Exercise data:
********************
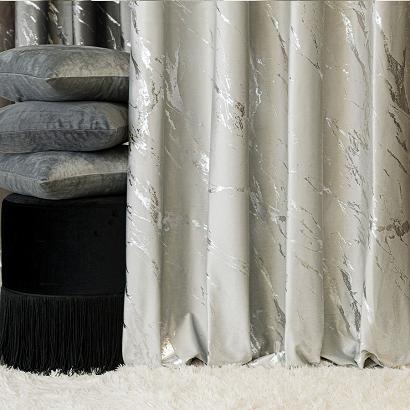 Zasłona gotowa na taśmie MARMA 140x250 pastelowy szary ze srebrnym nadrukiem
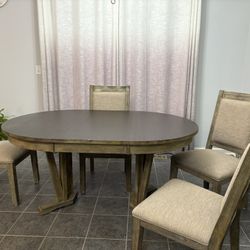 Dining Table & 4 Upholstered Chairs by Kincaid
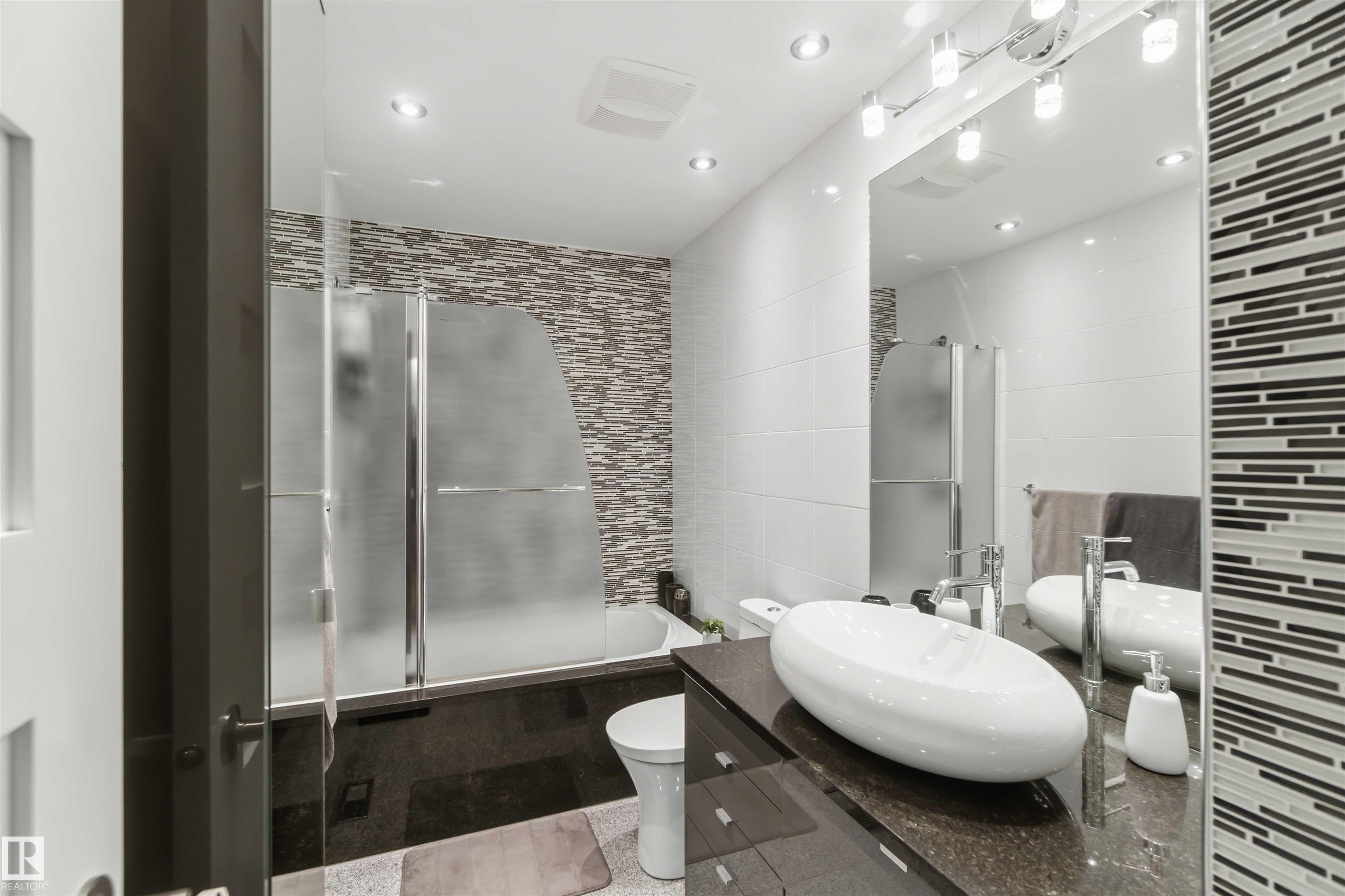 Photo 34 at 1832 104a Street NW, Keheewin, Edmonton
********************
Work instructions: Write out the material above once more, word for word. Images stay out.

Solution to this task:
 Zasłona gotowa na taśmie MARMA 140x250 pastelowy szary ze srebrnym nadrukiem
 Dining Table & 4 Upholstered Chairs by Kincaid
 Photo 34 at 1832 104a Street NW, Keheewin, Edmonton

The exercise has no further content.